Before hopping on the bridge to head home, I decided to take a walk through what we used to call “Doopie’s Park.” It has another name now. It sits on intersection of 20th Avenue and the service road for the Whitestone Expressway, across from Bridgeview Nursing Home.
As a kid, we might walk the three blocks from home to there and disappear for hours without any adult supervision and with no worries. At ten years old, I was allowed to walk to the park alone, and no one worried that I might be abducted in the process.
Now, forty years later, I walked around the baseball fields where there were some Pee Wee little league baseball games going and then headed toward the playground/basketball court area – just taking in the sights and sounds.
Of course, the playground was completely changed from my time there, when we played on steel “monkey bars”over a concrete surface – and yes we all lived! The park house and restrooms seemed untouched, but the water fountain just outside was gone.
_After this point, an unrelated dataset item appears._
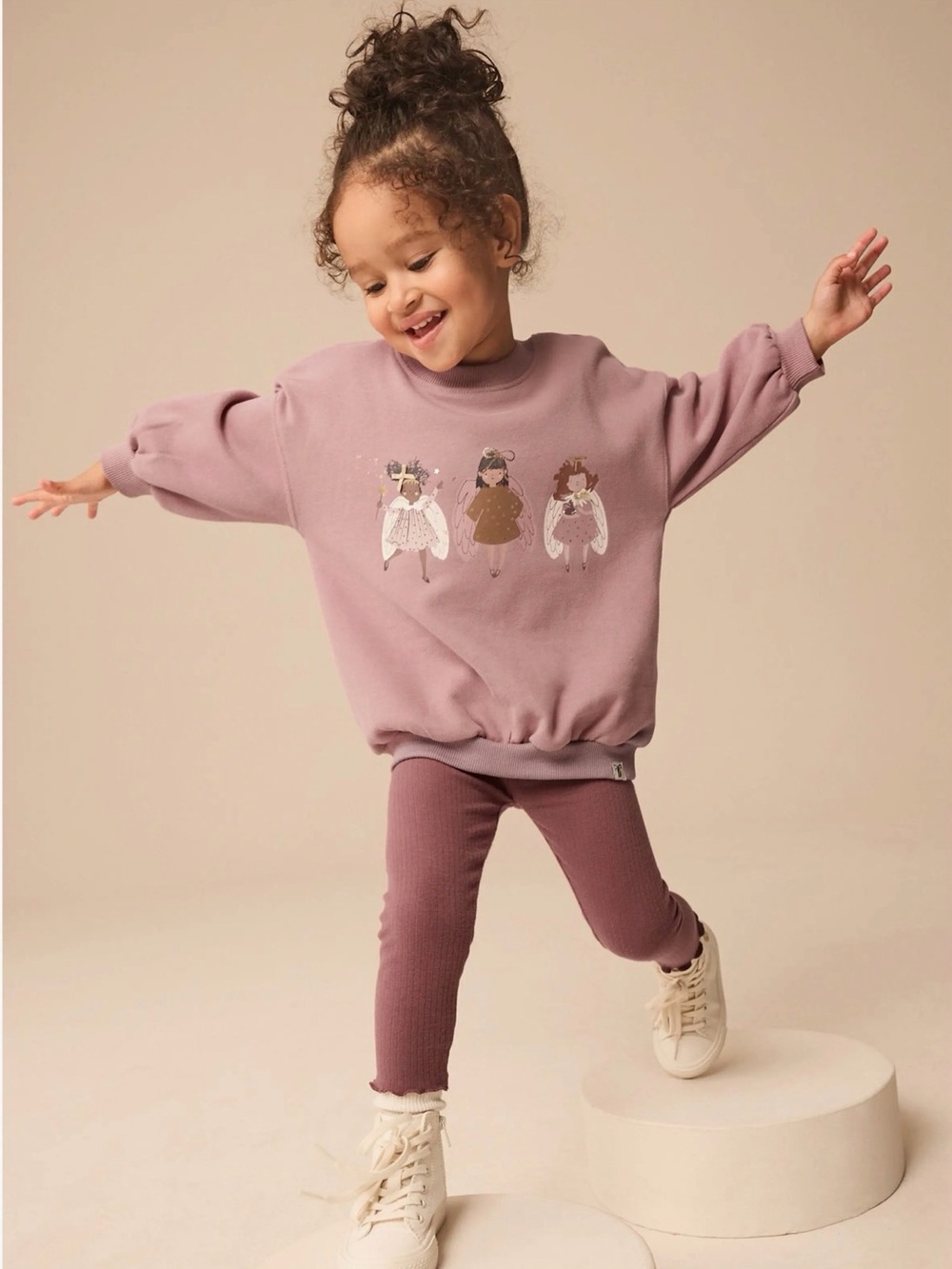 Next Girls Charming Fairies Long Sleeve Crewneck Sweatshirt Size 6/7Y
The sprinklers as I recalled them were gone too – replaced with a far more efficient, if not uninspiring pedestal that shot water into the air like an upturned pressurized watering can. Two basketball courts now stood where the massive sprinkler system's concrete basin once was. We used to cover the drains so that it would fill like a pool.
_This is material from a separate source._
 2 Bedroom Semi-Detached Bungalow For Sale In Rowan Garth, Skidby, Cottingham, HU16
As I proceeded out of the park, I belatedly recognized that I was not welcome there. A sign near the entrance listed the various persons and activities
prohibited from the playground. Among them was: “Adults, except in the company of children.” Hey, that’s me!
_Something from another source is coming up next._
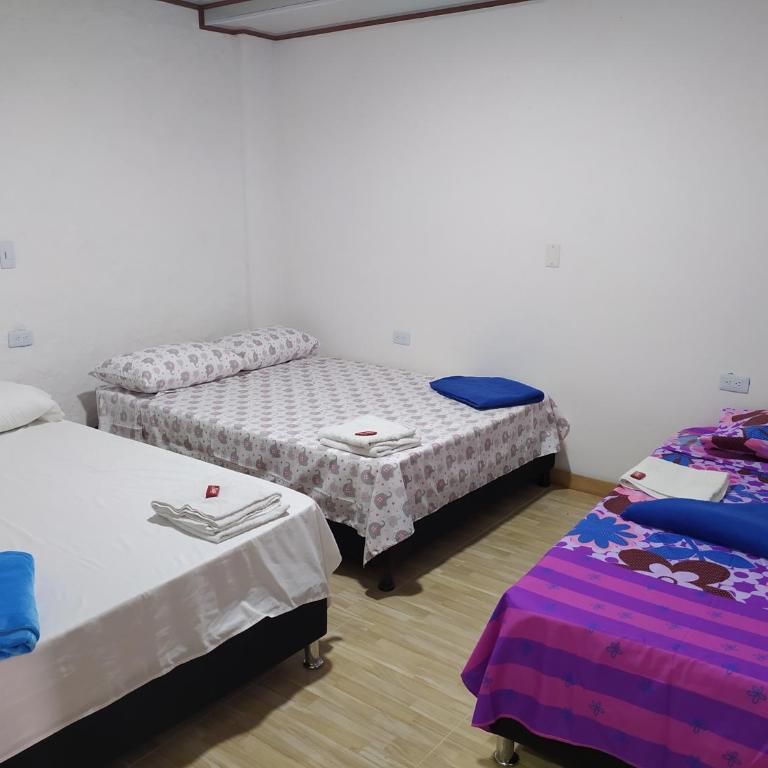 Hotel Los Balcones - Triple Room - 4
I absolutely understand the purpose of the sign; I may even agree
with it, but it bothers me.
There is an innocent and beautiful joy to the sight and sounds of children playing, and there is nothing wrong with a normal adult simply enjoying
those sights and sounds. It makes us smile and remember our own youth.
It is not a perversion.
Yet again, I’m not saying I disagree with the intention of this prohibition. I need to think on that some more. It nonetheless reminds me of how far we have come from the time when all the kids and parents knew one another and hugging a neighbor’s child was as natural as, well “a day in park.”